Chaque année, 50 millions de m³ de boues sont draguées en France vers les ports et les estuaires, et le coût de leur gestion est colossal. Depuis le 1er janvier 2025, les boues polluées draguées au fond des ports ne peuvent plus être rejetées à la mer pour des raisons environnementales. Leur traitement est donc devenu un enjeu majeur. En Bretagne, devant l’abondance de la ressource, une start-up travaille depuis deux ans à donner une seconde vie aux sédiments que contiennent ces boues. Composés d’argile, de limon et de sable, ils forment une base très intéressante pour des matériaux de construction écologiques et bas carbone.
Ashmat Froz, architecte spécialiste de la terre crue, et Marc Flipo, ingénieur environnement, ont créé Sedimenterre en 2022, avec pour ambition de développer et industrialiser des matériaux de construction à base de sédiments. Lauréats d’un appel à projets du Ministère de la mer, ils ont bénéficié d’un budget de 200 000 € pour continuer la recherche appliquée sur ces nouveaux matériaux. « Nous sommes en phase d’étude de faisabilité, explique l’architecte. Nous travaillons sur différents types de matériaux de construction : blocs, briques, plaques, panneaux, et pourquoi pas, enduits à base de sédiments. »
Une démarche locale
Le matériau élaboré est un mélange de sédiments et de fibres naturelles, comme de la paille de lin ou de chanvre. Il n’est pas chauffé et n’intègre ni ciment ni chaux. Pour un panneau isolant, le mélange, allégé, contient plus de fibres. À l’inverse, une brique contiendra environ 80 % de sédiments et 20 % de fibres. « Les sédiments ont les mêmes usages que la terre crue, mais l’avantage d’avoir une composition plus homogène. La terre change de granulat en quelques mètres, ce qui rend difficile l’obtention d’un matériau homogène en grande quantité. Avec les sédiments, on a obtenu des résistances mécaniques un peu plus élevées qu’avec la terre crue », détaille Ashmat Froz.

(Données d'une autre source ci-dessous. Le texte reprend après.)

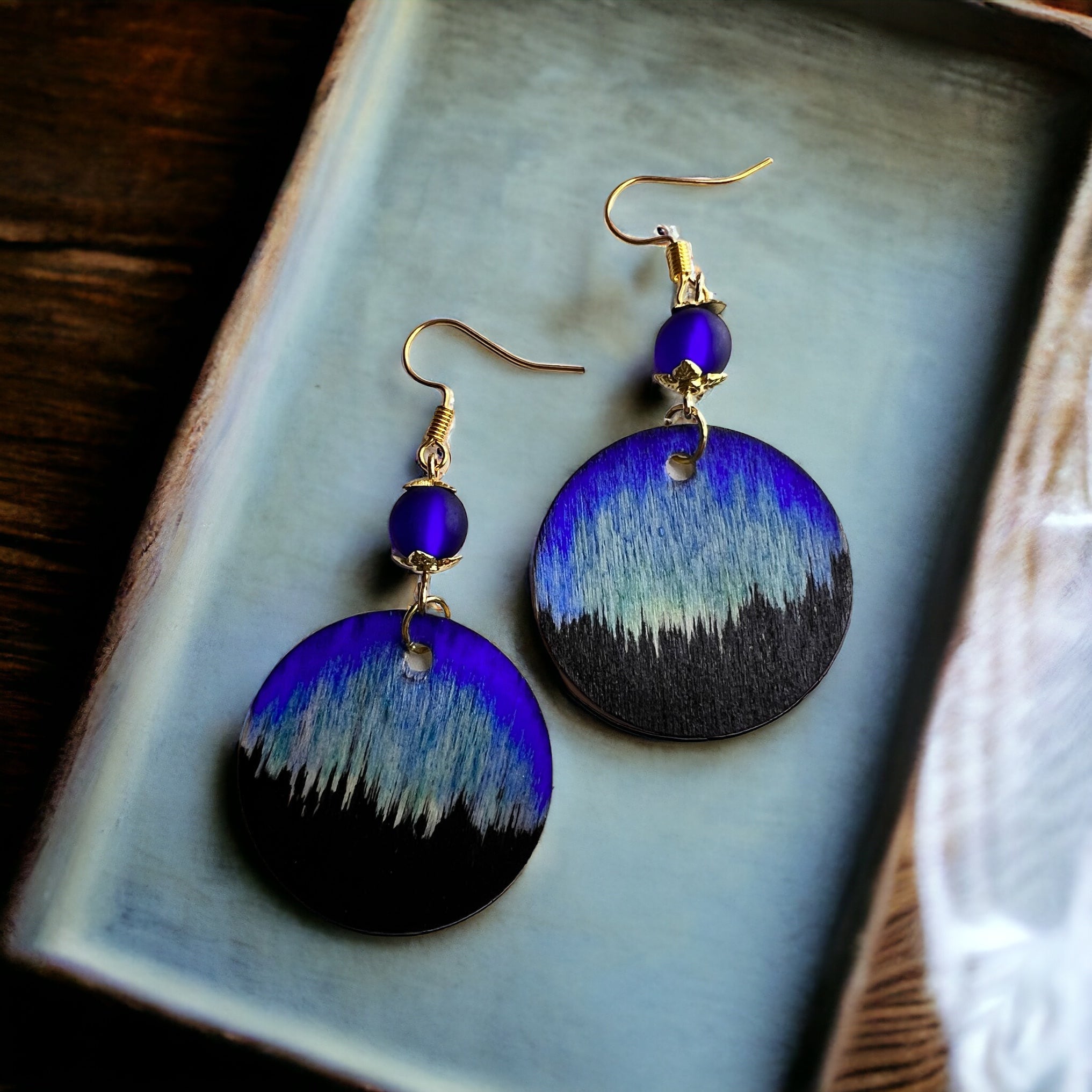 Boucles d'oreilles « Aurore boréale »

Pour fabriquer son matériau innovant, Sedimenterre, dont le siège est basé à La Bouëxière (Ille-et-Vilaine), près de Rennes, utilise des sédiments dragués localement, dans l’estuaire de La Rance, connue pour son envasement. « Ce sont des sédiments propres, non pollués par les métaux lourds », indique Ashmat Froz, qui utilise son expérience d’architecte pour tenter de faire diminuer le temps de séchage, souvent long, des sédiments, en jouant sur la chimie de l’eau. Pour convaincre des atouts du matériau, les deux co-fondateurs veulent désormais passer à la phase de test grandeur nature.

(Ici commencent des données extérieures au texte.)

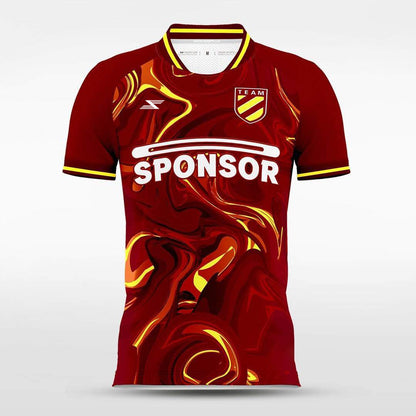 Lava - Customized Men's Sublimated Football Jersey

Des projets témoins en 2025
Trois projets de bâtiments témoins sont prévus cette année, en Ille-et-Vilaine. Les deux fondateurs ont récemment déposé une demande de brevet – toujours en phase d’instruction – mais espèrent pouvoir faire certifier leur matériau grâce à ces chantiers témoins afin d’attirer les investisseurs et répondre à des commandes publiques. Ils visent plutôt le marché de la rénovation et de la réhabilitation de l’ancien, mais n’excluent pas la construction neuve. « On peut construire une maison presque 100 % en sédiments, hors ossature et toiture », précise Ashmat Froz.
« Une fois que notre matériau sera certifié, nous envisageons de créer une unité de production mobile, capable de fabriquer 1000 briques par jour. Ensuite, on espère industrialiser la production à plusieurs milliers de briques par jour », prévoit l’architecte. Pour y arriver et développer la filière, il appelle les élus, maîtres d’ouvrage, ingénieurs en génie civil, professionnels du bâtiment, bureaux d’études et investisseurs à travailler ensemble. Car il l’assure, « les sédiments sont le matériau de demain ».